Image-caption web data
- Opening Delimiter -

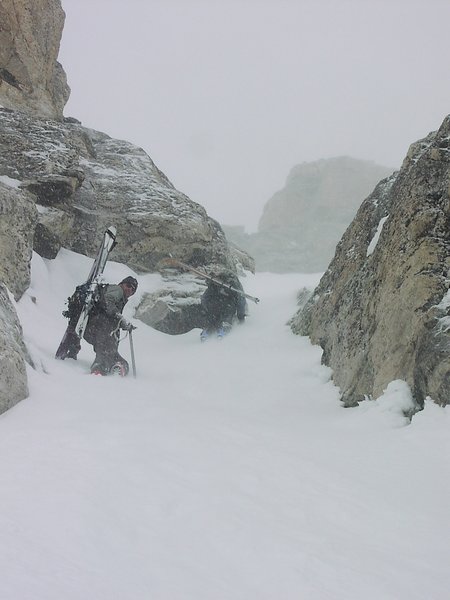 dec 22, 2004 east face of teewinot climb and ski with mason cassidy and chris figenshau photo bissell hazen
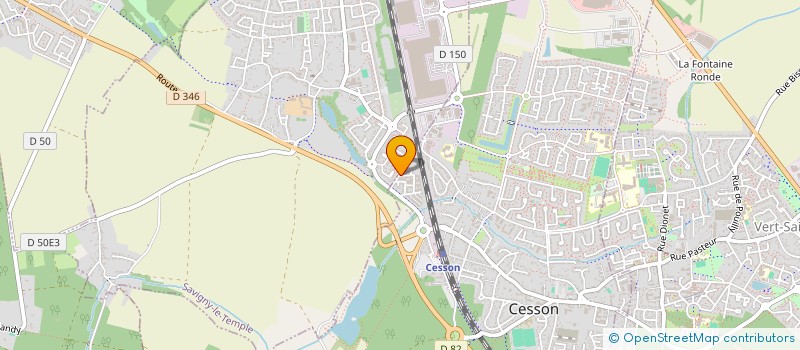 localisation de l'entreprise ELECTROMECANIQUE ORGANISATION SERVICES  CESSON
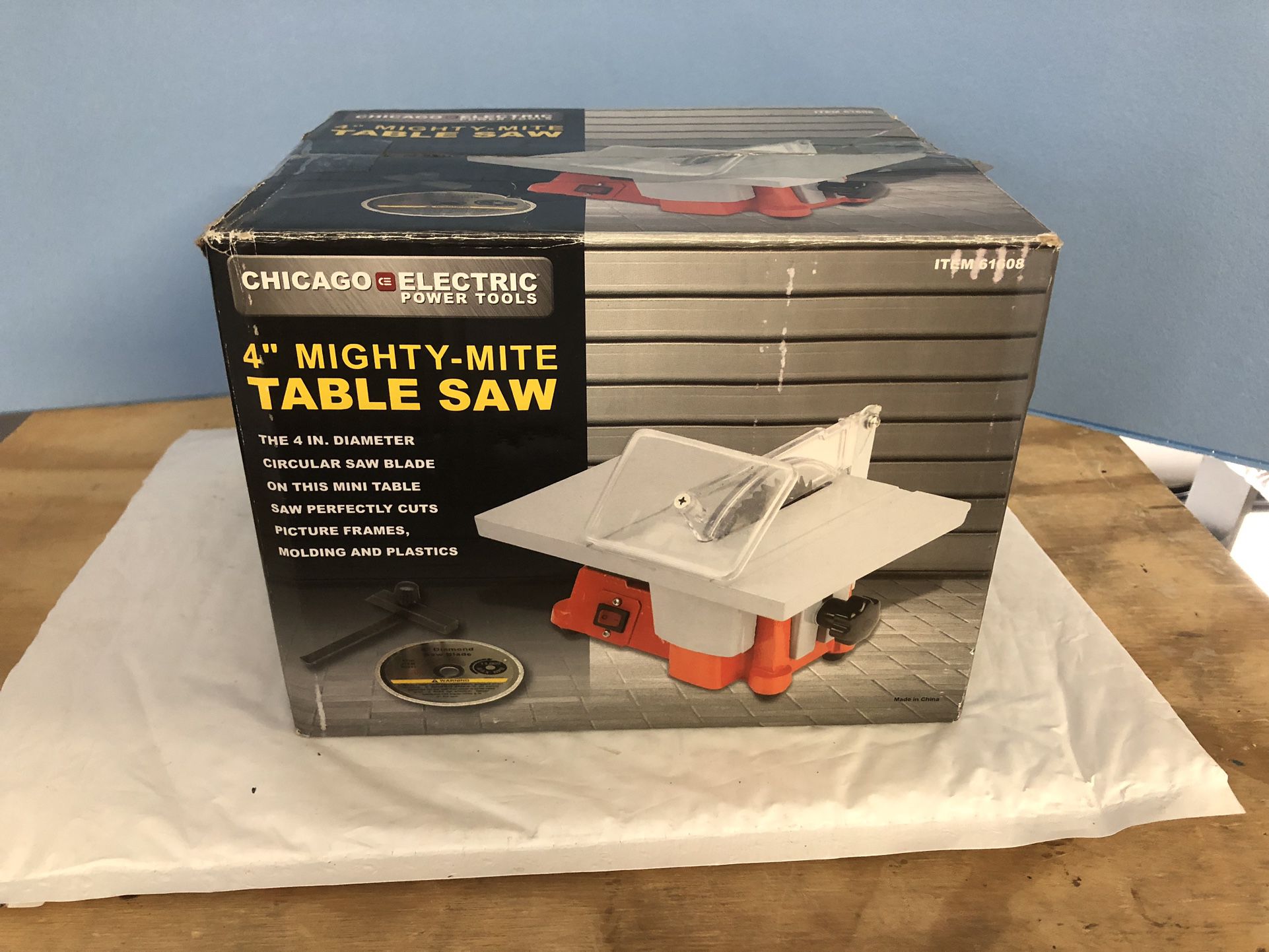 4” Mini Table Saw Chicago Electric Power Tools 4” Diameter Circular Saw  for Sale in Whittier, CA OfferUp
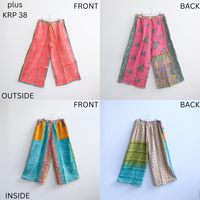 Kantha Reversible Plus Size Wide Leg Pants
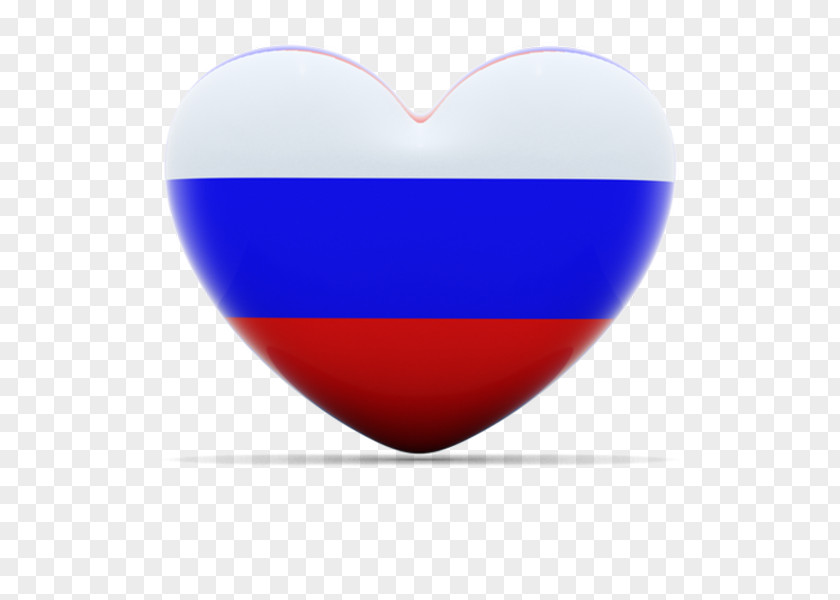 Russia Flag Of England Heart PNG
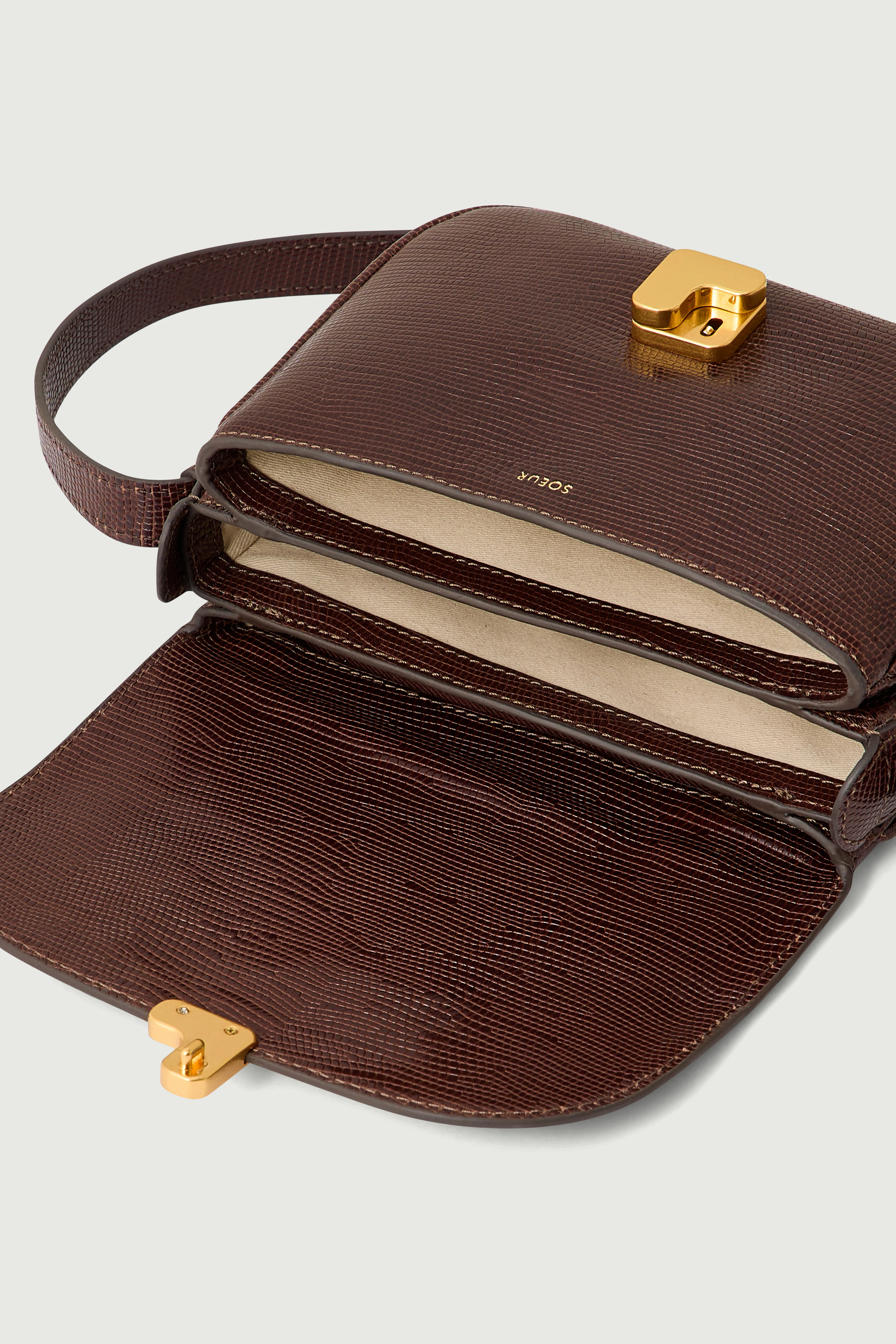 SAC BELLISSIMA MINI MARRON LÉZARD - Image 4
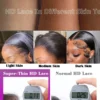 Invisi Strap 360 Full HD Lace Wig 250 Density Curly Glueless Human Hair Wig Chocolate Brown Lace Front Wig Deep Wave Frontal Wig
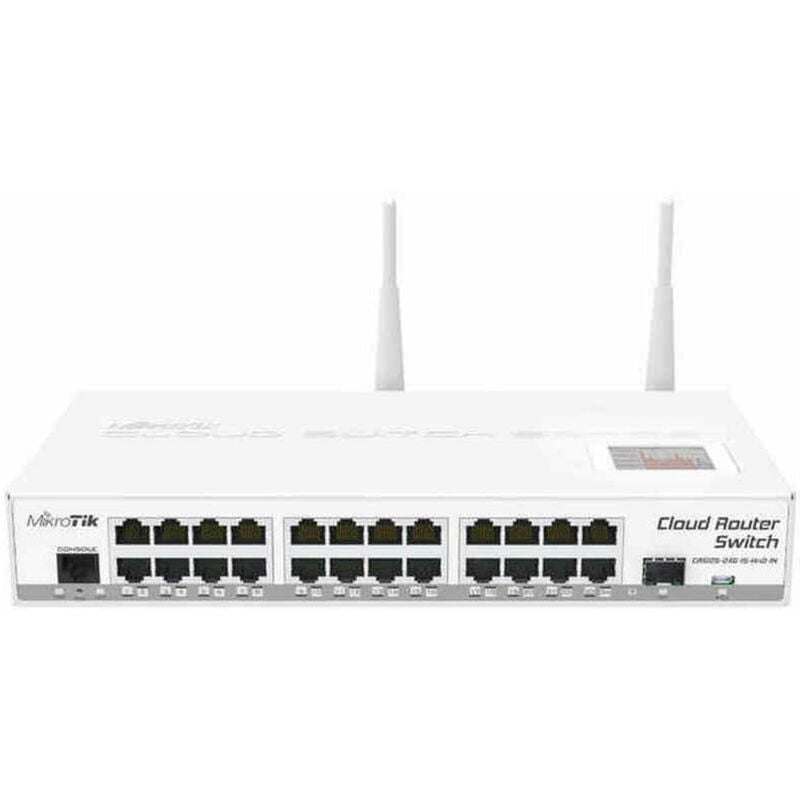 

Router CRS125-24G-1S-2HND-IN Blanco Gigabit Ethernet - Mikrotik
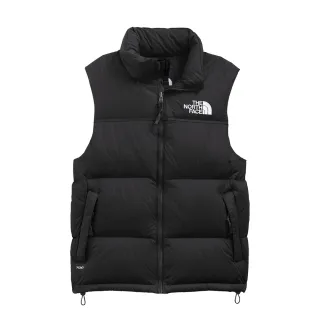 【The North Face 官方旗艦】北面UE男款黑色防潑水可打包保暖羽絨背心｜3JQQLE4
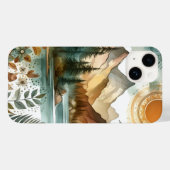 Sonniges Rustikales Boho Naturschutzgebiet Gebirgs Case-Mate iPhone Hülle (Rückseite (Horizontal))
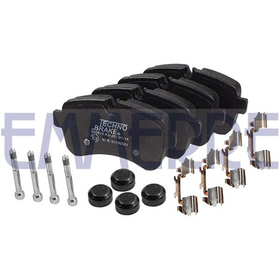 EM 960516E3 KLOCKI HAMULCOWE TYŁ IVECO DAILY 06- 35C14/C16/C18 BEZ CZUJNIKA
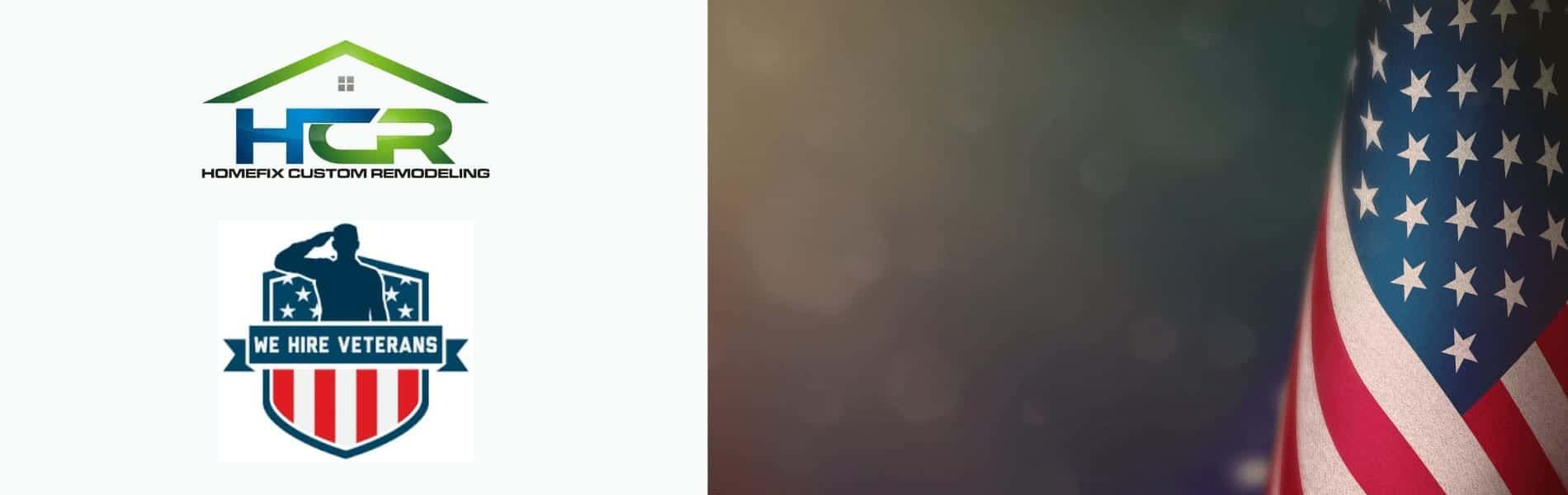 a flag and a logo for a company.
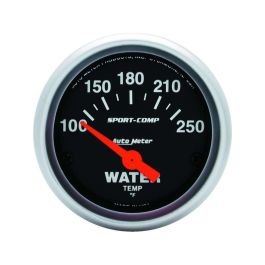 Auto Meter 2-1/16" Water Temperature, 100-250 °F, Air-Core, Sport-Comp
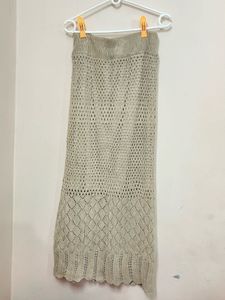 Crochet Knit Maxi Skirt
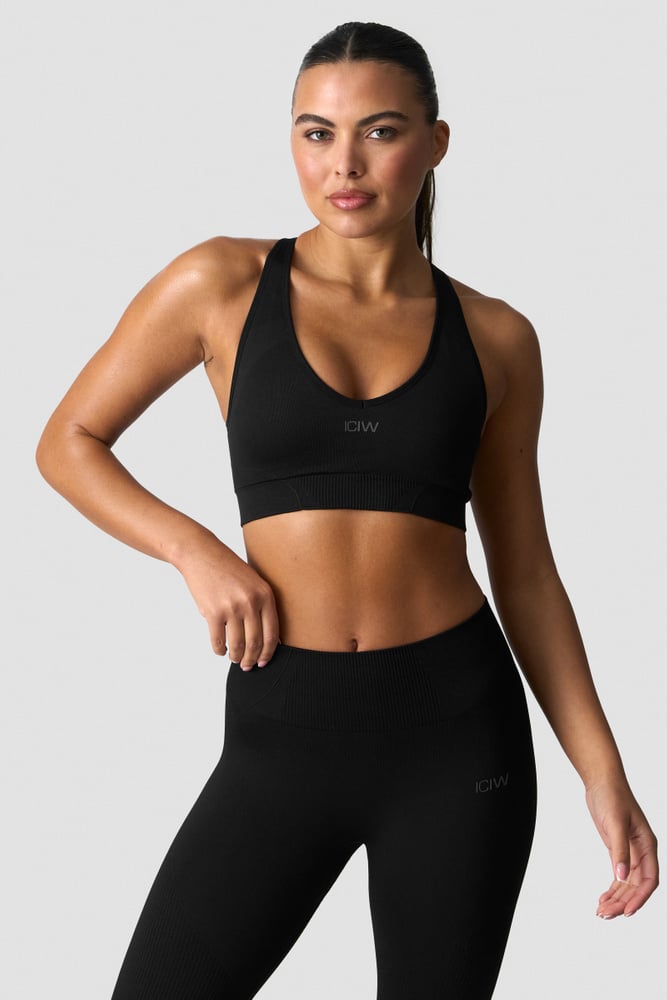 Sculpt Seamless Sports Bra Black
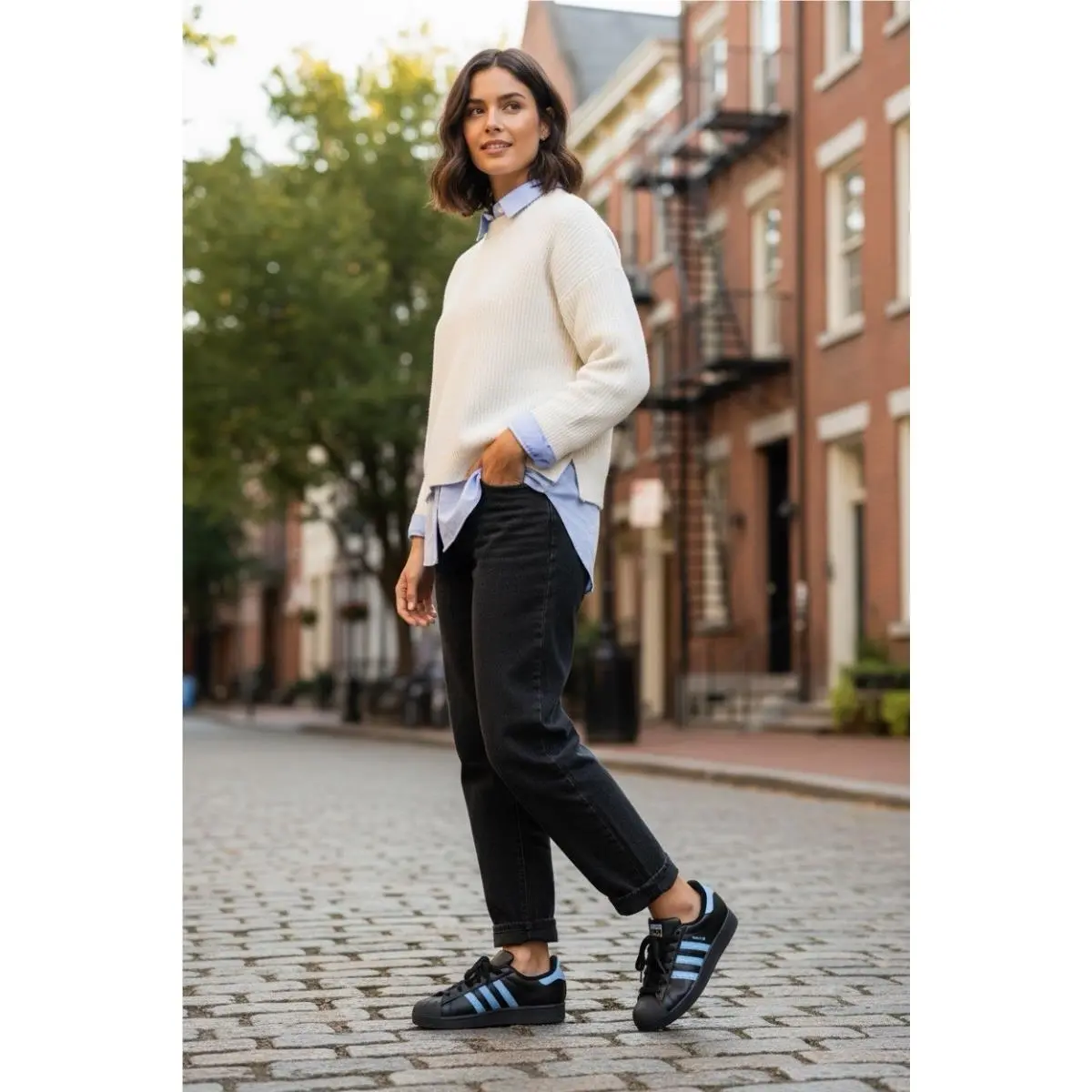 Adidas shoes - adidas Superstar - Superstar - JS1338 - Core Black / Ash Blue 0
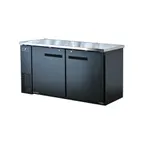 image of Spartan Refrig SBBB-60 60" 2 Section Back Bar Cooler with Solid Door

- Closing Delimiter -

Leave the pictures out and reproduce all of the records exactly.

 dec 22, 2004 east face of teewinot climb and ski with mason cassidy and chris figenshau photo bissell hazen
 localisation de l'entreprise ELECTROMECANIQUE ORGANISATION SERVICES  CESSON
 4” Mini Table Saw Chicago Electric Power Tools 4” Diameter Circular Saw  for Sale in Whittier, CA OfferUp
 Kantha Reversible Plus Size Wide Leg Pants
 Russia Flag Of England Heart PNG
 SAC BELLISSIMA MINI MARRON LÉZARD - Image 4
 Invisi Strap 360 Full HD Lace Wig 250 Density Curly Glueless Human Hair Wig Chocolate Brown Lace Front Wig Deep Wave Frontal Wig

Router CRS125-24G-1S-2HND-IN Blanco Gigabit Ethernet - Mikrotik
 【The North Face 官方旗艦】北面UE男款黑色防潑水可打包保暖羽絨背心｜3JQQLE4
 Sonniges Rustikales Boho Naturschutzgebiet Gebirgs Case-Mate iPhone Hülle (Rückseite (Horizontal))
 EM 960516E3 KLOCKI HAMULCOWE TYŁ IVECO DAILY 06- 35C14/C16/C18 BEZ CZUJNIKA
 a flag and a logo for a company.
 Auto Meter 2-1/16" Water Temperature, 100-250 °F, Air-Core, Sport-Comp
 Crochet Knit Maxi Skirt
 Sculpt Seamless Sports Bra Black
 Adidas shoes - adidas Superstar - Superstar - JS1338 - Core Black / Ash Blue 0
 image of Spartan Refrig SBBB-60 60" 2 Section Back Bar Cooler with Solid Door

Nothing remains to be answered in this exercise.